WORK TO BE COMPLETED » Starting at the line with "Stainless Steel Household", copy each line through the last one below exactly as written, without any pictures.

DATA SUPPLIED »

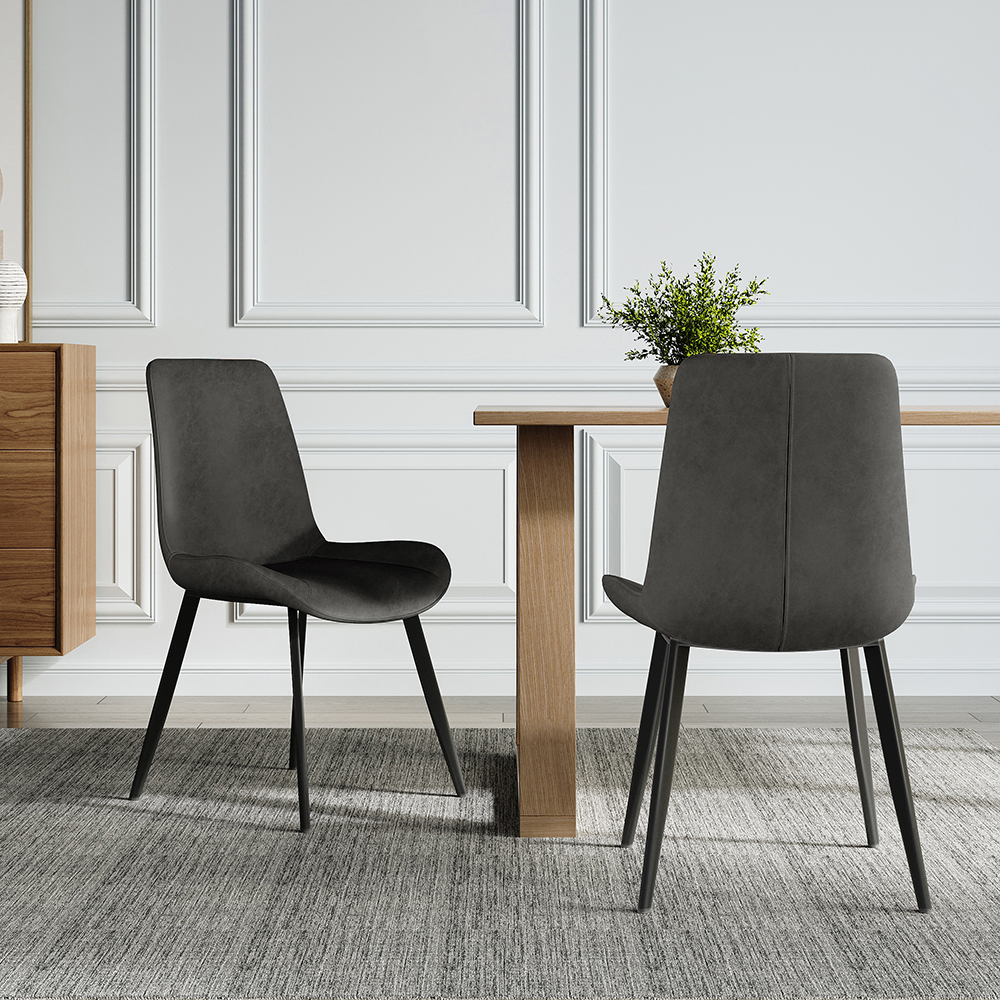 Linesly Mid-Century Modern Gray Upholstered Dining Chairs PU Leather (Set of 2)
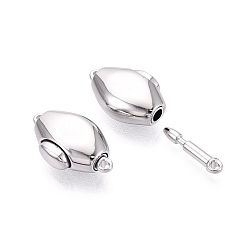 Платина Застежки латунные коробки, ромб, 1 нитей, 2-луночное, платина, 18~19x11x6 мм, отверстие : 1~1.4 мм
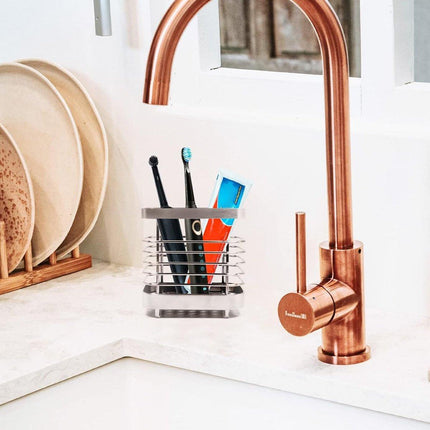 Stainless Steel Household Toothbrush Holder Draining Storage Shelf for Bathroom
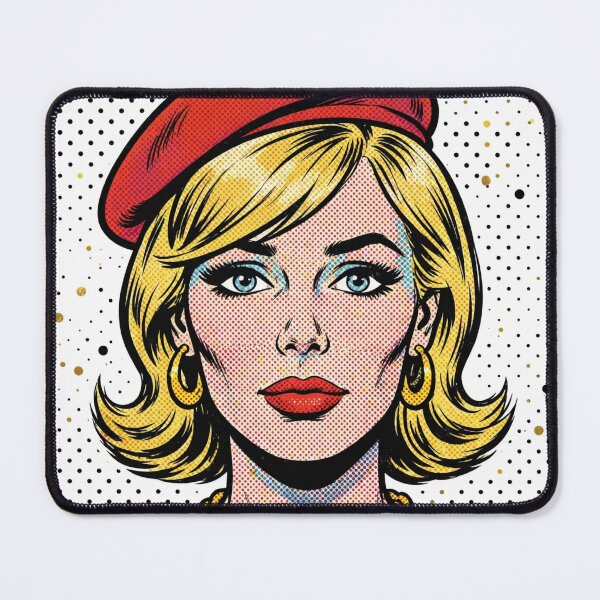 Item preview, Pink Hair Woman Black Beret Gold Dots Pop Art T-Shirt designed and sold by MAISON SYLVIE.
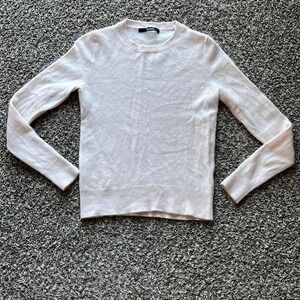 Quince 100% Cashmere Long Sleeve Crewneck Sweater Pink Cream XS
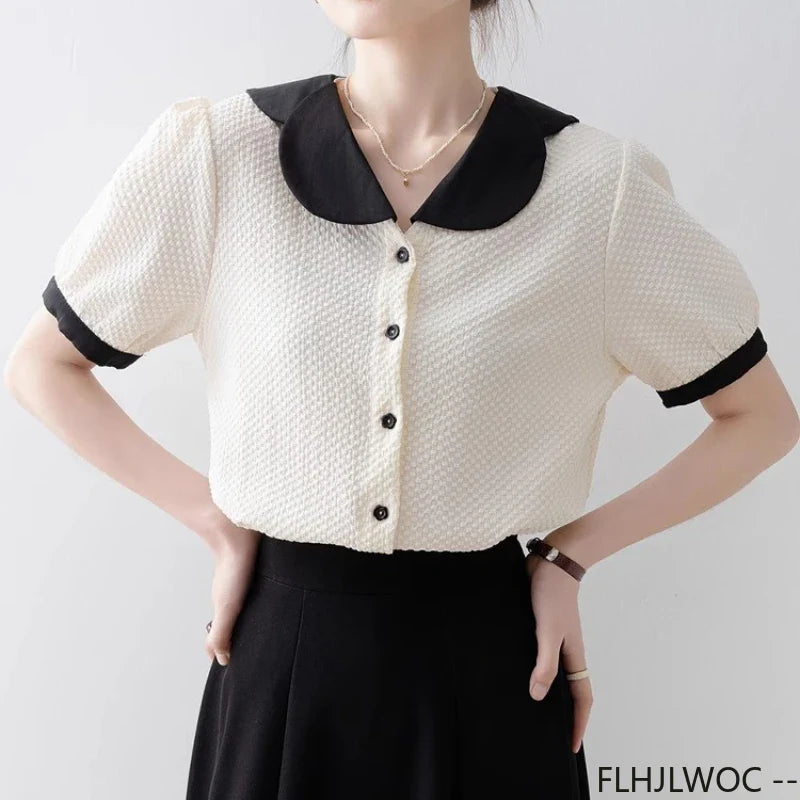 Cralom Retro Chic Peter Pan Collar Button Shirt Blouse for Women Summer 2025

TASK SOLUTION »
 Stainless Steel Household Toothbrush Holder Draining Storage Shelf for Bathroom
 Item preview, Pink Hair Woman Black Beret Gold Dots Pop Art T-Shirt designed and sold by MAISON SYLVIE.
 Quince 100% Cashmere Long Sleeve Crewneck Sweater Pink Cream XS
 Cralom Retro Chic Peter Pan Collar Button Shirt Blouse for Women Summer 2025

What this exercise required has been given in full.